In the mid-2000s, as diabetes and obesity became prevalent in the US, consumers began to express concerns regarding the quantity of sugar used in Coca-Cola’s Coke drink. Sensing the behavior change, Coca Cola began to sell an alternative diet and zero-sugar coke. By 2018, Diet coke sales had surpassed sales of the classic coke.
- Expectation based on past experiences.
The media is the most powerful tool to shape and change perception. The media engages our senses, and because of its character of mass acceptance and repetition, it is the most effective tool for perception marketing.
You can create experiences that shape perception through the following process;
Redefine concepts => Reinforce new concepts via experiences (using media, industry experts, consistency, etc) => Societal Acceptability (policies, norms, infrastructure, etc)

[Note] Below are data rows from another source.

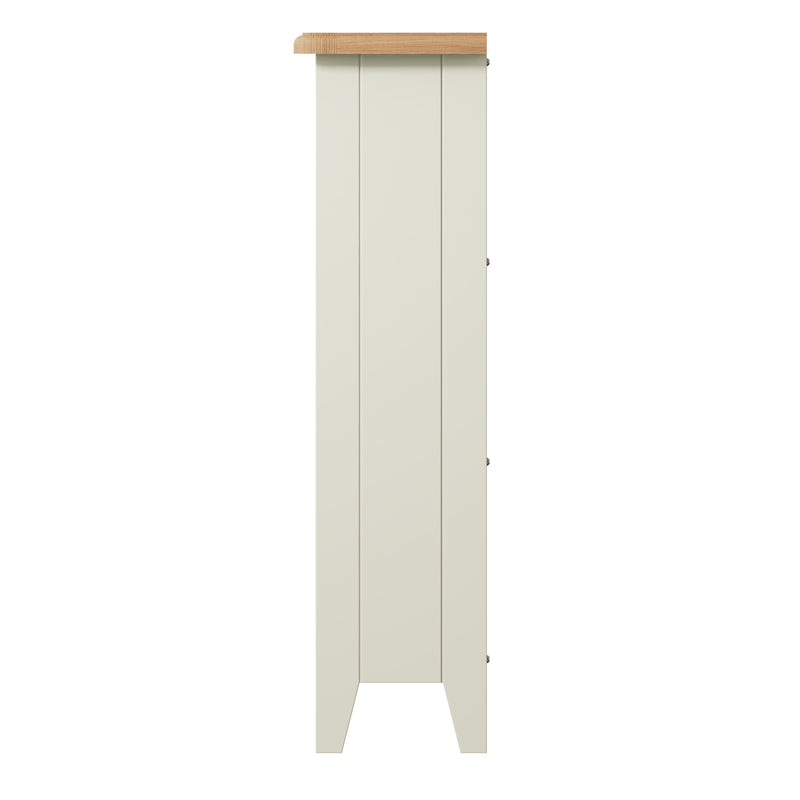 Salisbury Pure White Bookcase Small Wide 70 x 22 x 82 cm
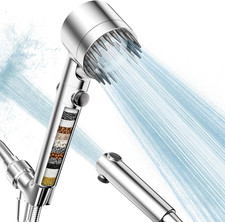 Filtered Shower Head with Handheld, High Pressure Water Flow and Multiple Spr...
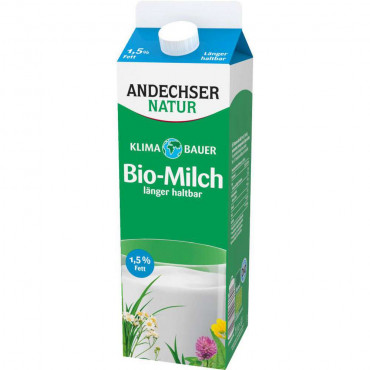 länger haltbare Bio Milch, 1,5% Fett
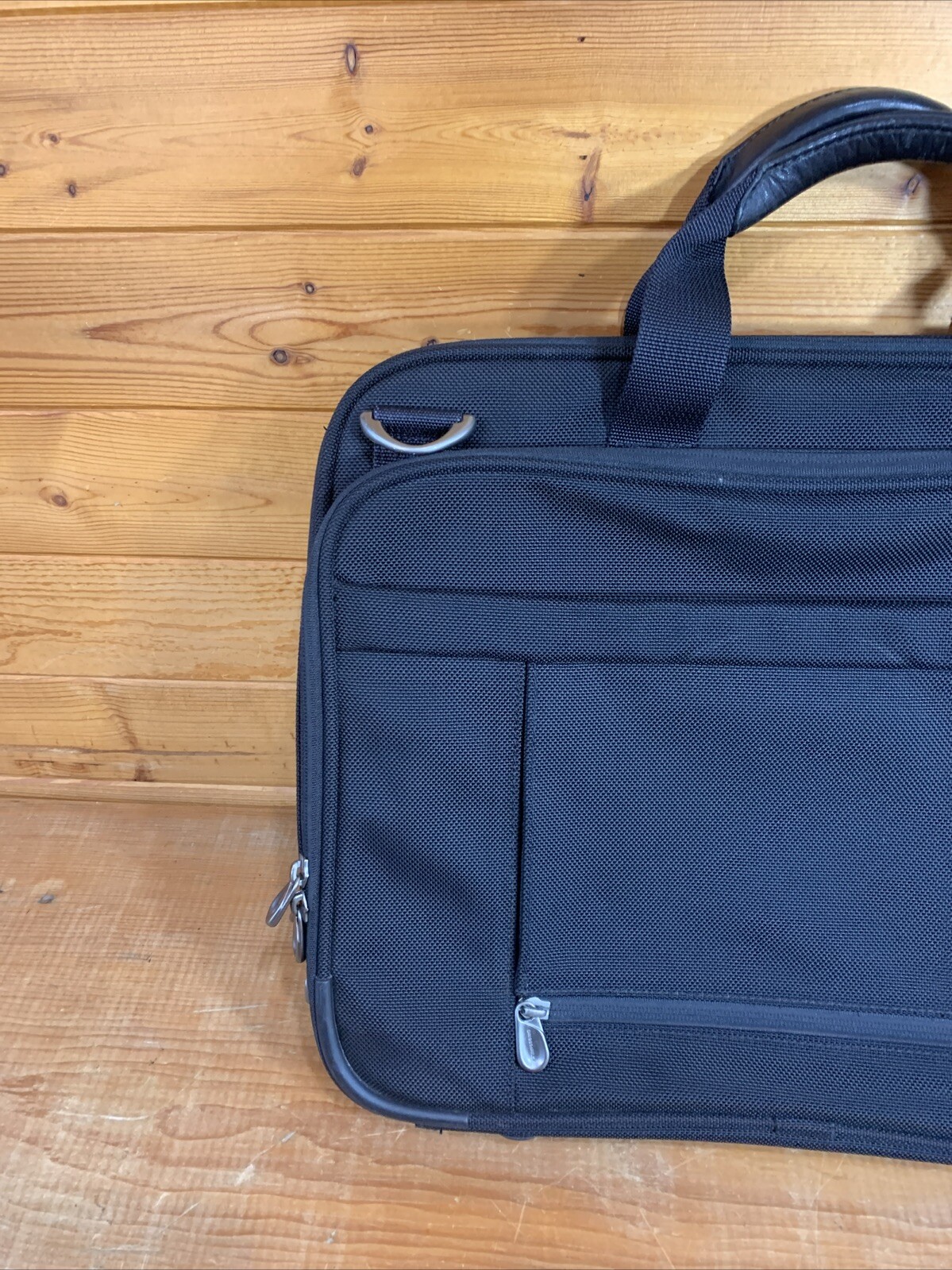 BRIGGS & RILEY 18″ Black Nylon Laptop Computer Bag Briefcase Luggage #BB140-4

In 1937, the US passed the Marijuana Tax Act, effectively prohibiting the use of cannabis on a federal level. By 2016, it had become legal for recreational use in California. Artists like Snoop Dogg and Wiz Khalifa had begun to push for the social acceptance of marijuana through their music videos: young, wild, and free. It has become a part of the hippie culture most young people emulate. Today cannabis is estimated to be the largest cash crop in California, with a value of more than $11 billion.
In conclusion, the only way brands can truly differentiate themselves in their customers’ minds is by taking the responsibility to build a perception in their minds. Now the moral ethics that guides each organization becomes the challenge. How far can brands go to make you addicted to them?